Bean-counting demographers, flood-mapping cartographers, and L. A. Norma agree on one thing, New Orleans population is drowning on the coastline and shifting along The River towards Baton Rouge. Since Katrina, five thousand daily commute this route. North by Northwest lies New Orleans' future faubourgs, and Governor Bobby Jindal turned down a Federal grant to build a commuter line. If the Feds build it, he sagely observed, "We would still have to run it." 

"A business-trained mind gone off the rails," Norma said, drumming on the train window, "but still smart as the weasel he is, bought and sold by the Texas Koch brothers, Louisiana be damnd! 

"His people are soulless members of 'America Next,' from D. C., or local true-believers
 with torches and pitchforks. They do not care one wit about good government. They mostly do not even believe there is such a thing. Government that governs in chaos is their idea of government that governs best."

Norma does not like Bobby Jindal.

* * *

We remained in New Orleans the next few weeks. 

One night at a Faubourg Marigny Association party in Buffa's back room, we ate, schmoozed and drank to music like it was first meant to be heard. Acoustic Guitarist/Banjo man, Mike Dill, poured life into an old boxer song about the great Boom Boom Mancini, a killer and a man. Cheers from here to the bandstand!

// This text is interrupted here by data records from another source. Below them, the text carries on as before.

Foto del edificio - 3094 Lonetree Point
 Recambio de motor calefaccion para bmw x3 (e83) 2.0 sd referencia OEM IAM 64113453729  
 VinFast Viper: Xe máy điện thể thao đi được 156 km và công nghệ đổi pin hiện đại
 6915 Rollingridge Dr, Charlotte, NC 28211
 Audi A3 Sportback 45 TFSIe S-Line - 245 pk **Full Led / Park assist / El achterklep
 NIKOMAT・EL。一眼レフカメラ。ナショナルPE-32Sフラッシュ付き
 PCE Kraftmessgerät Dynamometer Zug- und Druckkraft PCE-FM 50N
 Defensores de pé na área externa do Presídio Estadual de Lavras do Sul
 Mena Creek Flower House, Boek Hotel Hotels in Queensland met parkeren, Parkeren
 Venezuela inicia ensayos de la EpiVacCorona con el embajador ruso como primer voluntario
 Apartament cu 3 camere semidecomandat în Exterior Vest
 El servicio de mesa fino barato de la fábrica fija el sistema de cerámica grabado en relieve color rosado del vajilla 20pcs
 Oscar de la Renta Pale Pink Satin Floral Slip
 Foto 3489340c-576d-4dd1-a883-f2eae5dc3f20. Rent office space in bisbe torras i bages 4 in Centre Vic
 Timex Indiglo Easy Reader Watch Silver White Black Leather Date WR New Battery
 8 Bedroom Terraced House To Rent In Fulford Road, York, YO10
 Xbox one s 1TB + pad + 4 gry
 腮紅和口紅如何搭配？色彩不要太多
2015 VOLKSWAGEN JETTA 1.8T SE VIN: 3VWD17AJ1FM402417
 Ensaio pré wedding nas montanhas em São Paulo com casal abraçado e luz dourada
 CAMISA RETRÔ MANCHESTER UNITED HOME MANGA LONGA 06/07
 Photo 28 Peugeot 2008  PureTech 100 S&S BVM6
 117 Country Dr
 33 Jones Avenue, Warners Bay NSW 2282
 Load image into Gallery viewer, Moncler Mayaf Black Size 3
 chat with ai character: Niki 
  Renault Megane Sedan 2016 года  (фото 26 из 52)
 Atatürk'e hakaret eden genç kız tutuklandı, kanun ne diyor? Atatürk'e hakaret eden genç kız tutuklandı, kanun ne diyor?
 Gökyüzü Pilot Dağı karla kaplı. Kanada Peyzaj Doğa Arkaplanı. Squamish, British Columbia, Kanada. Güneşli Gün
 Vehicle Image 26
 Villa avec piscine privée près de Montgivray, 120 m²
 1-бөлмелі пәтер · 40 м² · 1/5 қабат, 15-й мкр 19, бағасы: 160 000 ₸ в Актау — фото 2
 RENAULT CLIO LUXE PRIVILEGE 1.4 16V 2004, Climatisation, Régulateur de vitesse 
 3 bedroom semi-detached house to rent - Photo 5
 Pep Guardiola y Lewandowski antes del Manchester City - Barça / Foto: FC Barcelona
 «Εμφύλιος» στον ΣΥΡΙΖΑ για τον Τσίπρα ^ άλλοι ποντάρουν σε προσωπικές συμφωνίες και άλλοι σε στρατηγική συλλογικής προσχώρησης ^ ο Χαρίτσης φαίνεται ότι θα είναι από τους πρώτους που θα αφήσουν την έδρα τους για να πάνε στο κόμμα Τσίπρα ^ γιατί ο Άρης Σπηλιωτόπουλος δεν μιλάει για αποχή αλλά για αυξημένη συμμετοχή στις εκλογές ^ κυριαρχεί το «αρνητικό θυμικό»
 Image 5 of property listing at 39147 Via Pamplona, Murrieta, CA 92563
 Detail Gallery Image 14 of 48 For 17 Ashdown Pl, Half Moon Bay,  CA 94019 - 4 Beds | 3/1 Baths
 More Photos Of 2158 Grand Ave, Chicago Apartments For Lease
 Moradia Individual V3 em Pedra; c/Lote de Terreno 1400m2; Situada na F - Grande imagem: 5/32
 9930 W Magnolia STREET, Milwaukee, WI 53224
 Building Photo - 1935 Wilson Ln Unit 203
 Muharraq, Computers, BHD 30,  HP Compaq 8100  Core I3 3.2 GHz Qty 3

Another night, Uptown, on a dimly lighted street, poison shrimp and pasta attacked without warning. Three days in bed and you know where... 

"Fitting," Norma told everyone who cared and some who did not, "h
e has a three-day headstart on this year's penance. The Vatican will be pleased." 

* * *

In good spirits again 

We attended the Historic New Orleans Collection, Louisiana Philharmonic Orchestra's extravaganza, POSTCARDS FROM PARIS (filmed for airing later by Louisiana Public Broadcast), inside the Basilica of Saint Louis Cathedral. 

Everything was heavenly, but the Doctor Michael White arrangement of Sidney Bechet's 'Petite Fleur' made musical history. White was on clarinet; Anthony Brown, banjo; Kerry Lewis, double bass.  The spirit of Bechet and a thousand other musicians blessed their notes. "Fit for Himself and us too," Norma whispered. We stayed afterwards and lit a candle for the evening.  

 * * *

We attended the Faubourg Marigny Improvement Association's monthly meeting and potluck where a representative from Krewe du Vieux spoke on the matter of being a good Carnival neighbor. An artist/former Park Service guide off Amtrak's line to Chicago rose to speak against so many penises in the parade. There are paper mache phalluses riding on floats; a sub- Krewe of Sperm marching with huge spermatozoa on sticks held high over their heads; and, some years, a band of jolly phalos-costumed celebrants marching from side to side and on down the street.

No one spoke in support of the poor male member.  Till Norma stood, "I wish to say a word in favor of penises," she said, and then sat down. The meeting adjourned with the future of the penis in Faubourg Marigny unsettled.